Output the listing below verbatim, but drop the images.

The data START

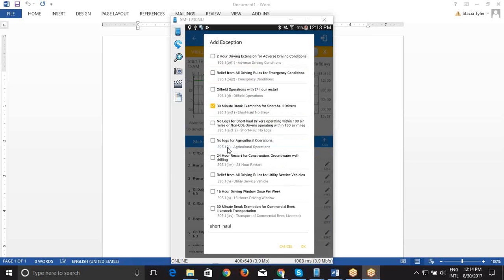and then go through the same process. You would choose an exception, and then you have to enter in a reason at the bottom, and then you would click OK.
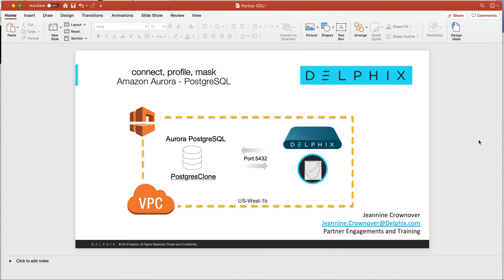Hello, my name is Jeanine Crownover, and I'll be providing a demonstration on connecting, profiling, and masking an Amazon Aurora Postgres database.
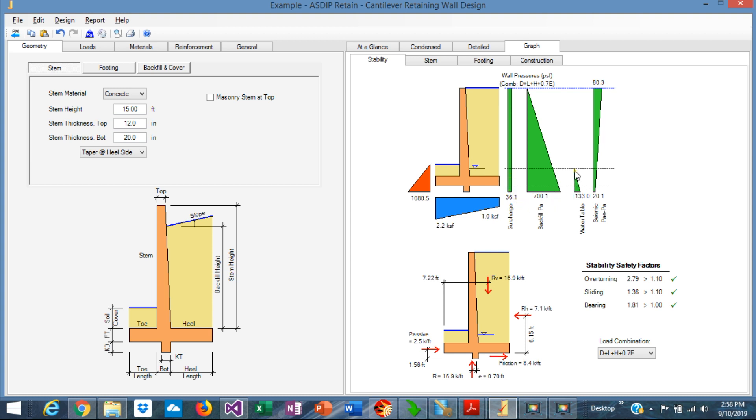The water table is a little high as well, about 3 feet above the bottom of the footing. The diagram is triangular. And the wall is also in a seismic zone. So this diagram is a trapeze representing the seismic load.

The data END

▸ Problem solution
and then go through the same process. You would choose an exception, and then you have to enter in a reason at the bottom, and then you would click OK.
Hello, my name is Jeanine Crownover, and I'll be providing a demonstration on connecting, profiling, and masking an Amazon Aurora Postgres database.
The water table is a little high as well, about 3 feet above the bottom of the footing. The diagram is triangular. And the wall is also in a seismic zone. So this diagram is a trapeze representing the seismic load.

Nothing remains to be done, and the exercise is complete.